» Requirement: Please transcribe, word for word, only the lines from the one containing "Jay W/ Georgie, a" through the last line of the records below, both included, and leave out every picture.

» Information supplied:
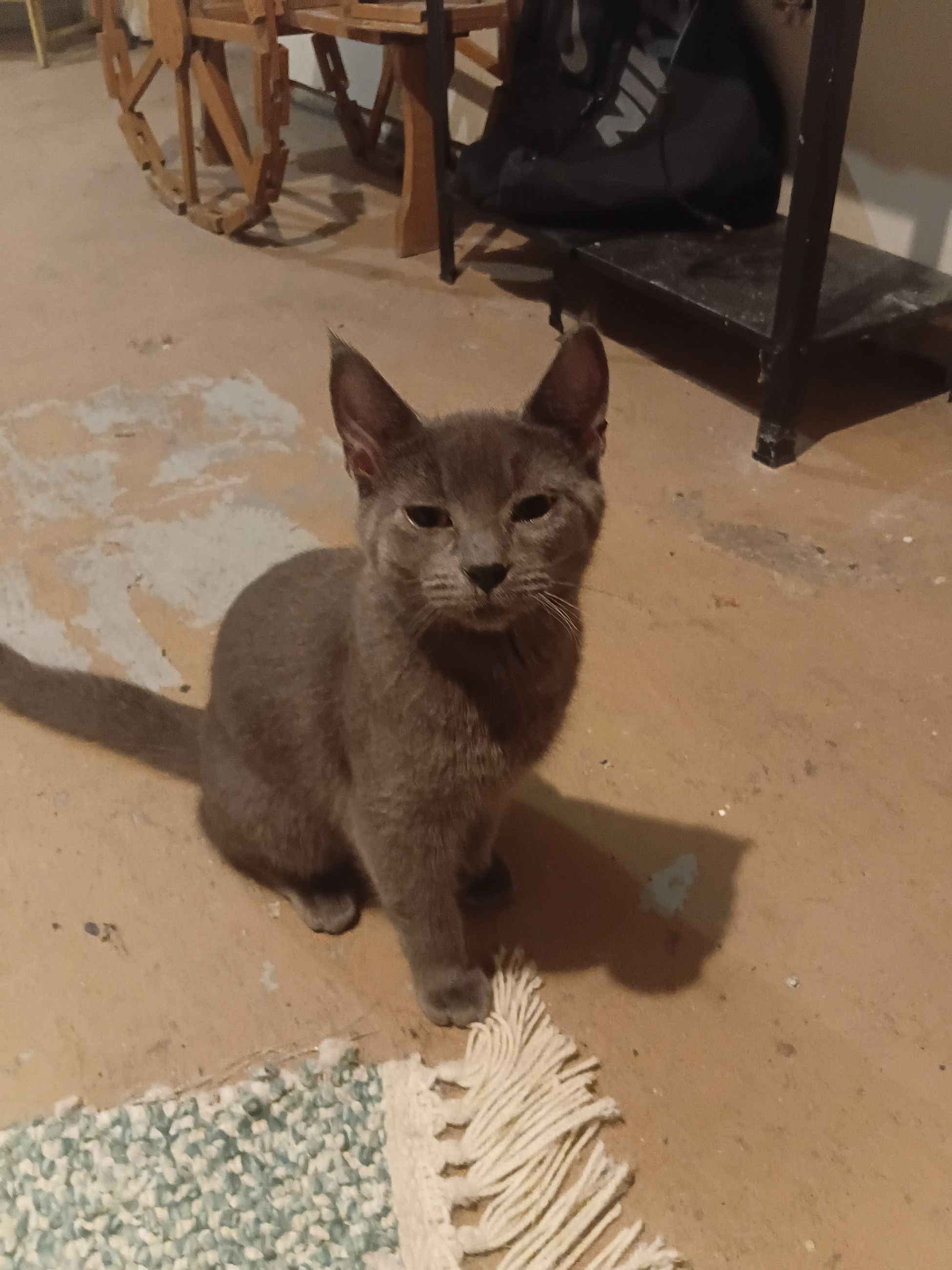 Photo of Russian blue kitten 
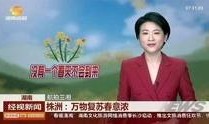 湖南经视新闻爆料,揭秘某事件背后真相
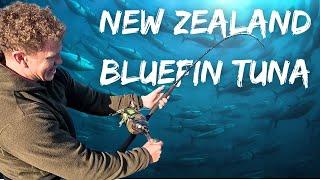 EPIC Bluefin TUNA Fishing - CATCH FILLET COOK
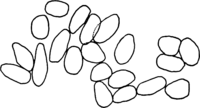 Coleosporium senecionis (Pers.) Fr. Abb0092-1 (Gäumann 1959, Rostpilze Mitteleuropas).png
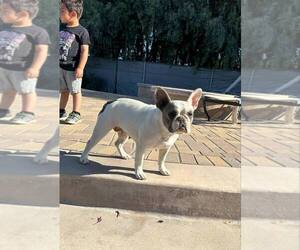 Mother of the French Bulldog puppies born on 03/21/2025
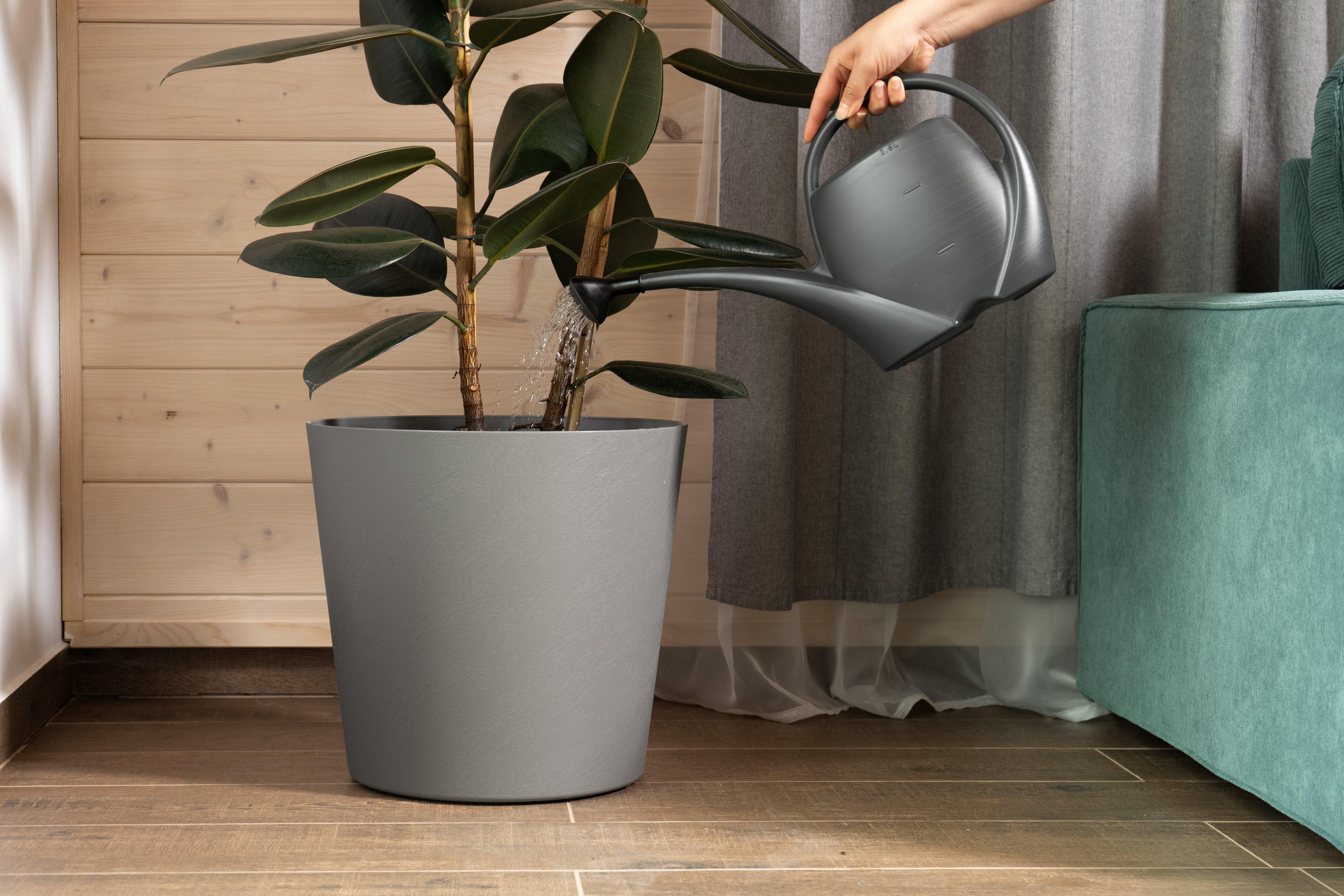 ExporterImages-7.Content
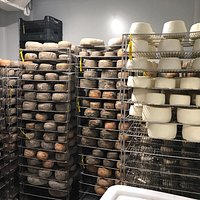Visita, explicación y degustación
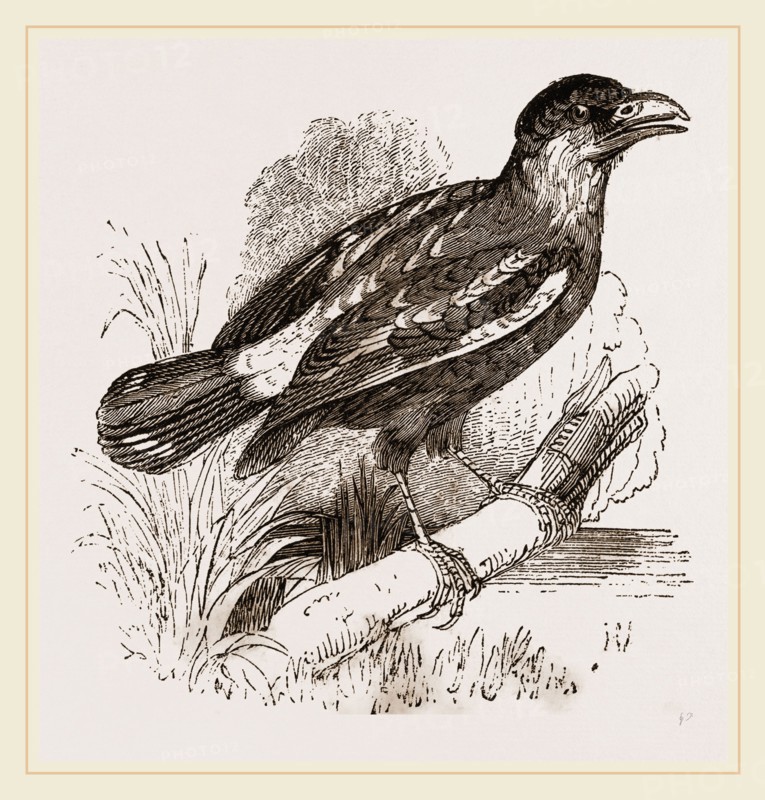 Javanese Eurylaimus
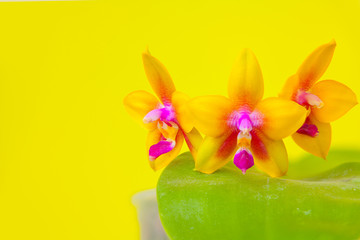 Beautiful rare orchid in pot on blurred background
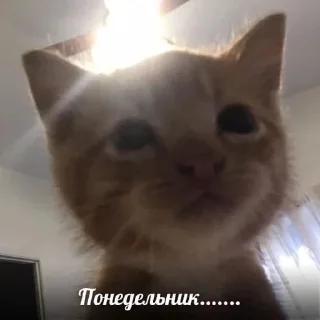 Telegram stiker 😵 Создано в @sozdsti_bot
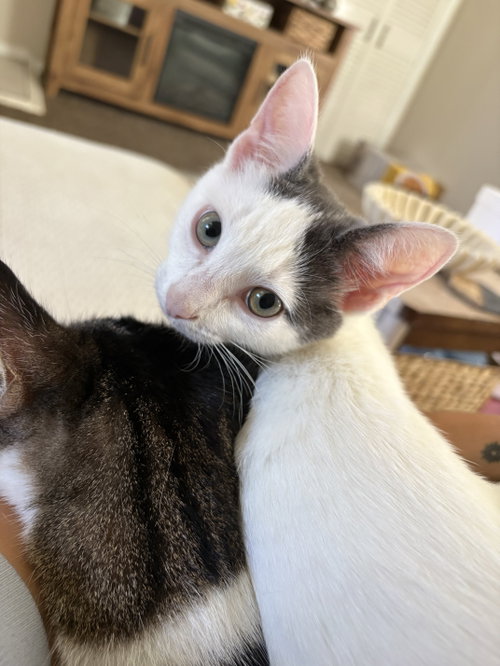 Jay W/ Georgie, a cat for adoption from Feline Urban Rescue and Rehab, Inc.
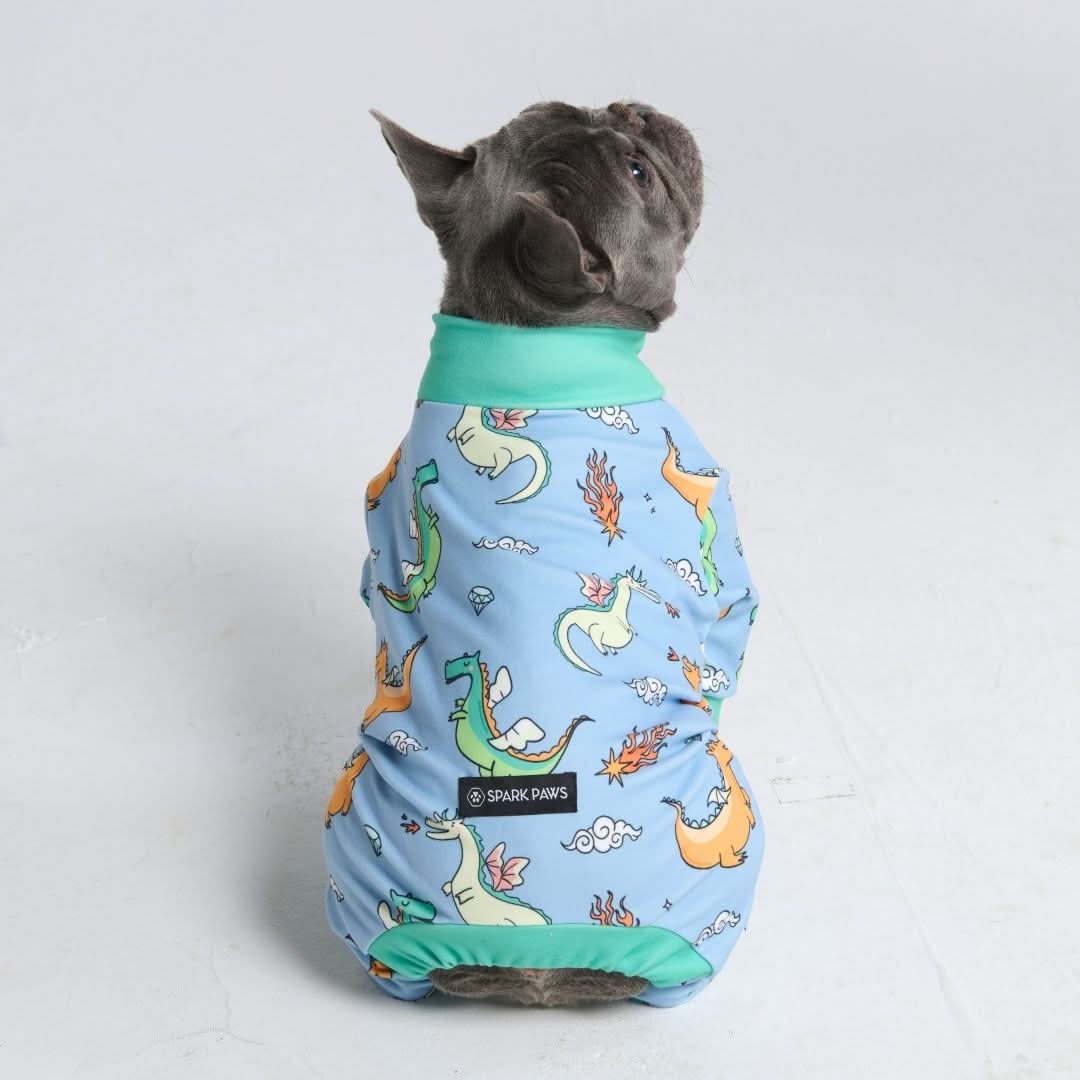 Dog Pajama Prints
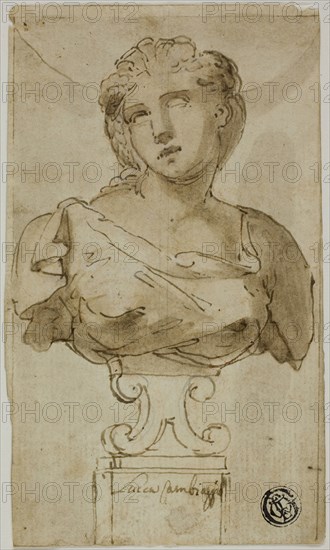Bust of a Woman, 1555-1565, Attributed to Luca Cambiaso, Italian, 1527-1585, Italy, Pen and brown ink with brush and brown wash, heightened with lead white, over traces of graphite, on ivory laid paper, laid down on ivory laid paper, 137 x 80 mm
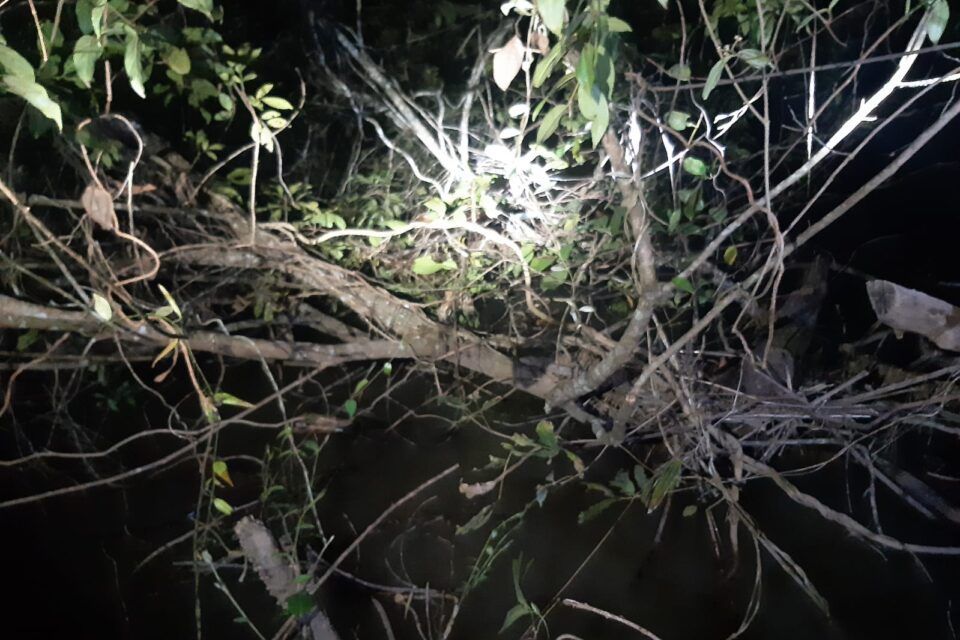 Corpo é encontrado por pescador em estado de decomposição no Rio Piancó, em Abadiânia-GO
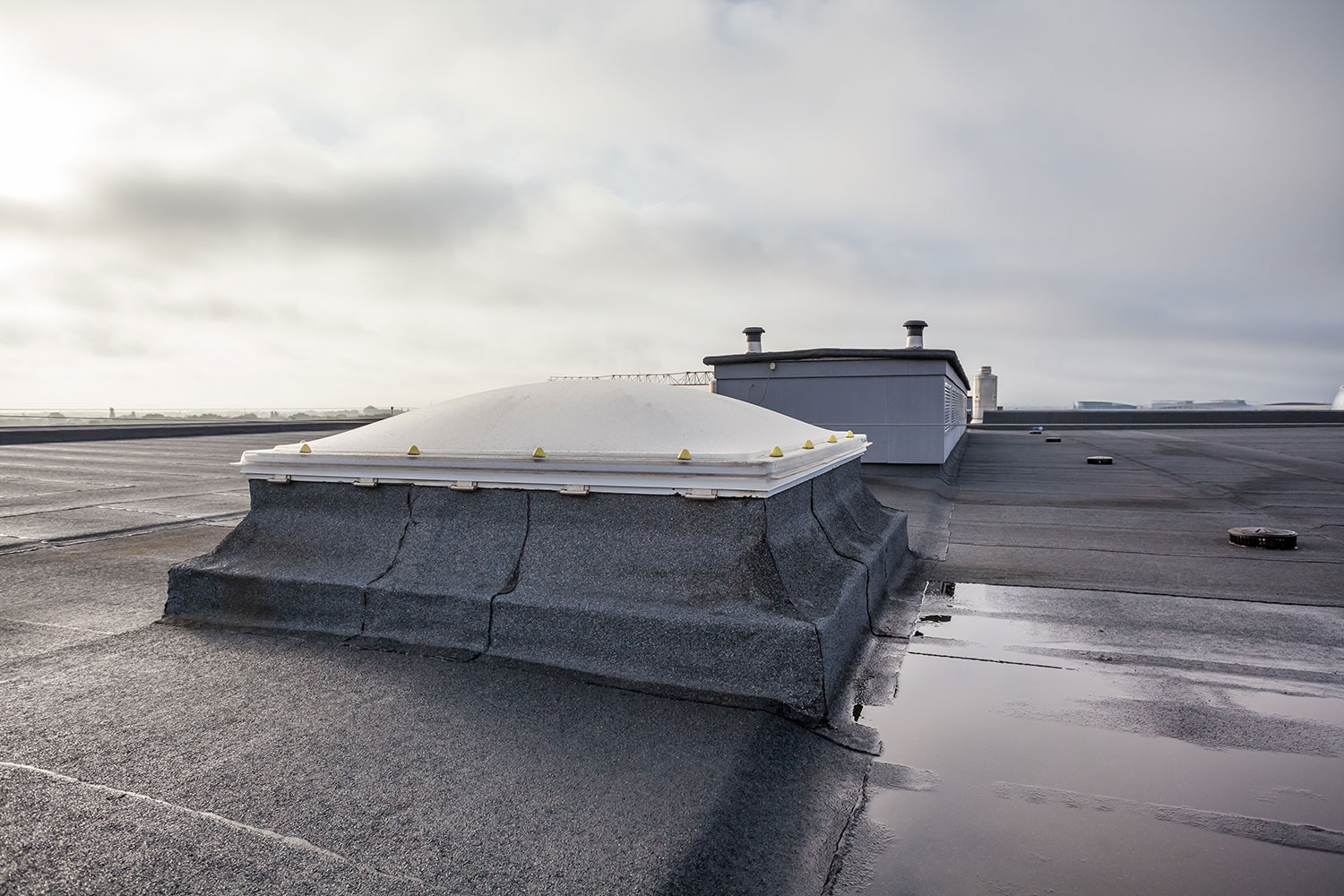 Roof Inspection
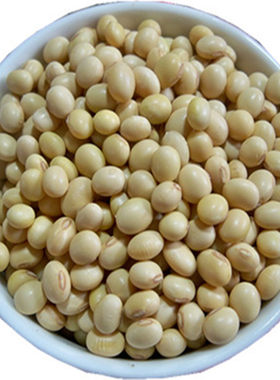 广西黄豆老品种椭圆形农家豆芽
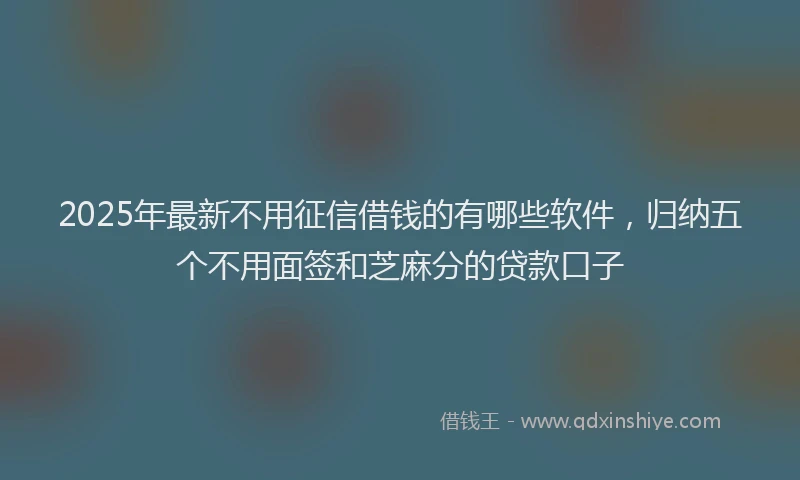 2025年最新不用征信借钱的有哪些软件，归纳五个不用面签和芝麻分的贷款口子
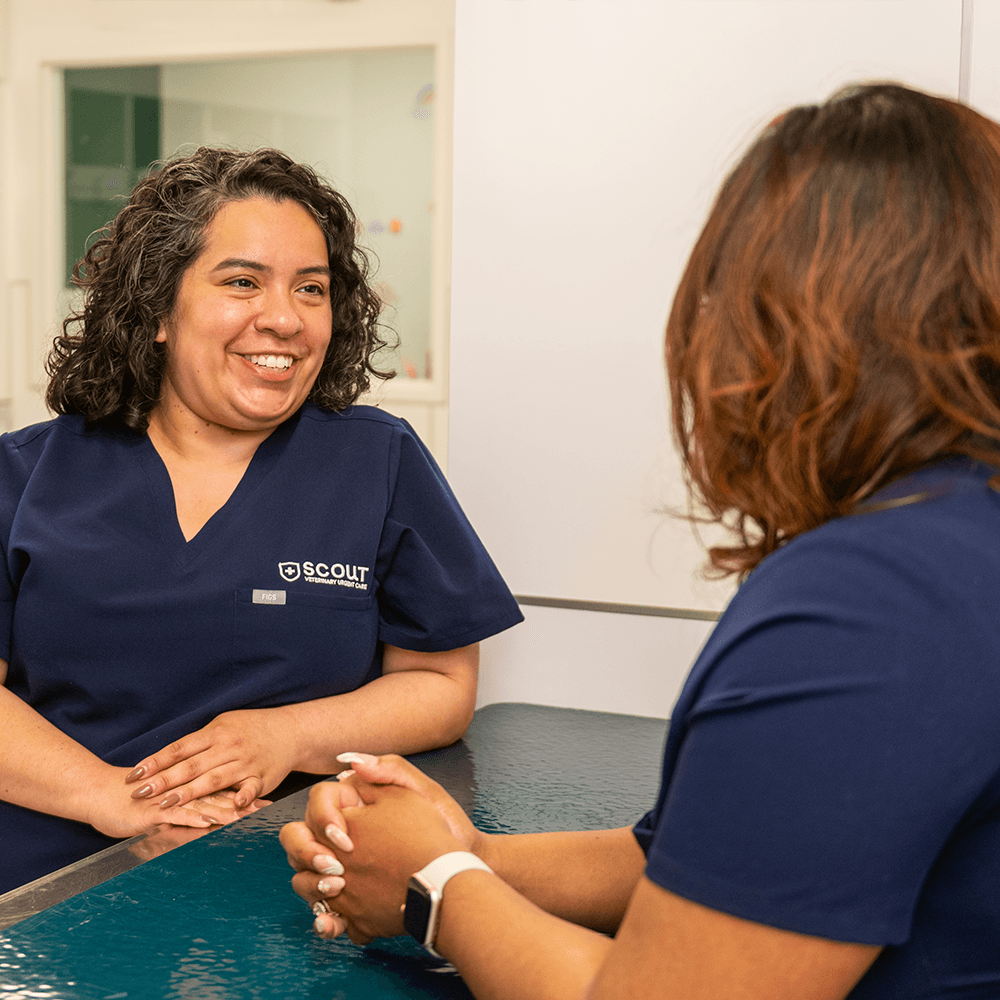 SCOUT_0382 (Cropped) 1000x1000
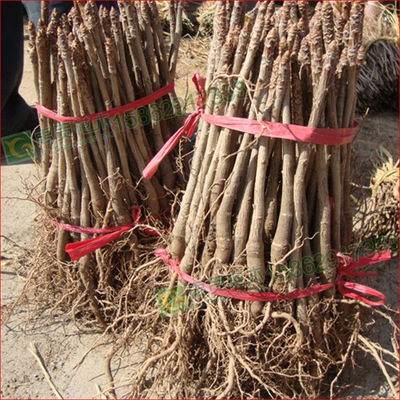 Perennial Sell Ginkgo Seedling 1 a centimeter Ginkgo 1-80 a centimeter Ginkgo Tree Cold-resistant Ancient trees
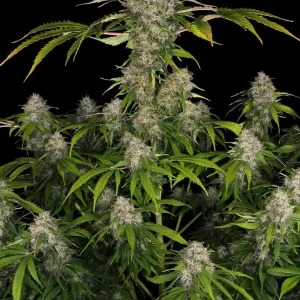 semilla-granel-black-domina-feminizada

» Exercise response:
 Jay W/ Georgie, a cat for adoption from Feline Urban Rescue and Rehab, Inc.
 Dog Pajama Prints
Bust of a Woman, 1555-1565, Attributed to Luca Cambiaso, Italian, 1527-1585, Italy, Pen and brown ink with brush and brown wash, heightened with lead white, over traces of graphite, on ivory laid paper, laid down on ivory laid paper, 137 x 80 mm
 Corpo é encontrado por pescador em estado de decomposição no Rio Piancó, em Abadiânia-GO
 Roof Inspection
 广西黄豆老品种椭圆形农家豆芽
 2025年最新不用征信借钱的有哪些软件，归纳五个不用面签和芝麻分的贷款口子
 SCOUT_0382 (Cropped) 1000x1000
 Perennial Sell Ginkgo Seedling 1 a centimeter Ginkgo 1-80 a centimeter Ginkgo Tree Cold-resistant Ancient trees
 semilla-granel-black-domina-feminizada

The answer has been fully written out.